*** Block opens ***

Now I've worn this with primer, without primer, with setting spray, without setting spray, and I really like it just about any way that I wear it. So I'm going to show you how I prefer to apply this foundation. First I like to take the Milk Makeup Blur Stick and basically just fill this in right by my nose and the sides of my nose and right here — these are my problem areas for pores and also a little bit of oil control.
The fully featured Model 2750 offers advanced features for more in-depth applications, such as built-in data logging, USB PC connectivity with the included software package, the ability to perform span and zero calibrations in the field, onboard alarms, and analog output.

*** Block closes ***
*** Block opens ***

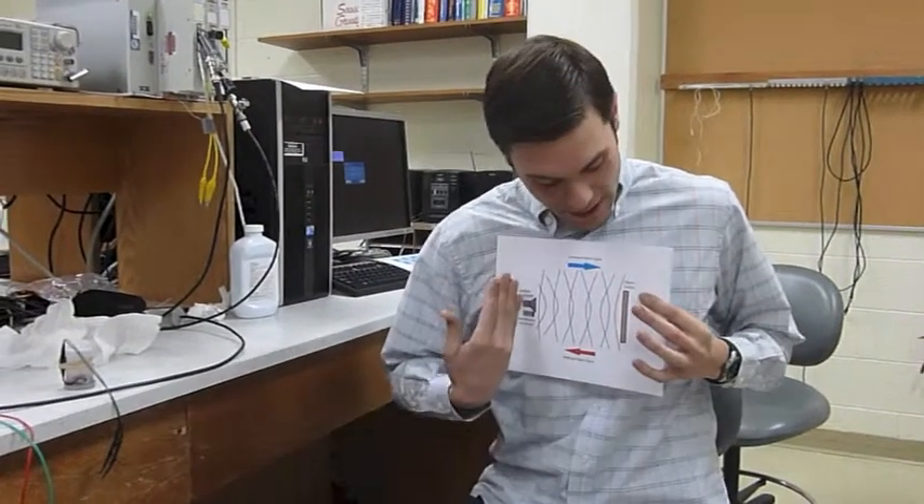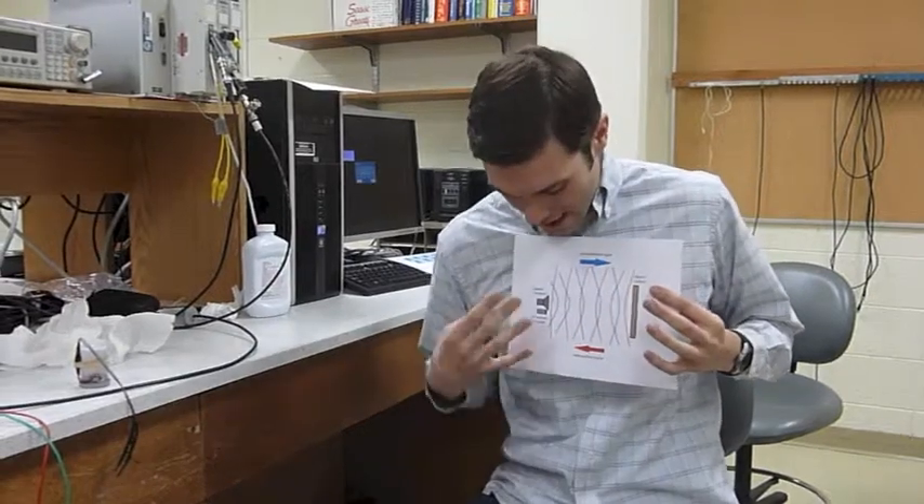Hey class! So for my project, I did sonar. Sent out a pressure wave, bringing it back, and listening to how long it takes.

*** Block closes ***
*** Block opens ***

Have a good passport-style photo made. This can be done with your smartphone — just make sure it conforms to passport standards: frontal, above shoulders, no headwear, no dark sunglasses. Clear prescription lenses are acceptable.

*** Block closes ***

Your instructions
From the records above, give again exactly the lines running from the line with "Now I've worn" to the line with "The fully featured", inclusive.

Result of this task
Now I've worn this with primer, without primer, with setting spray, without setting spray, and I really like it just about any way that I wear it. So I'm going to show you how I prefer to apply this foundation. First I like to take the Milk Makeup Blur Stick and basically just fill this in right by my nose and the sides of my nose and right here — these are my problem areas for pores and also a little bit of oil control.
The fully featured Model 2750 offers advanced features for more in-depth applications, such as built-in data logging, USB PC connectivity with the included software package, the ability to perform span and zero calibrations in the field, onboard alarms, and analog output.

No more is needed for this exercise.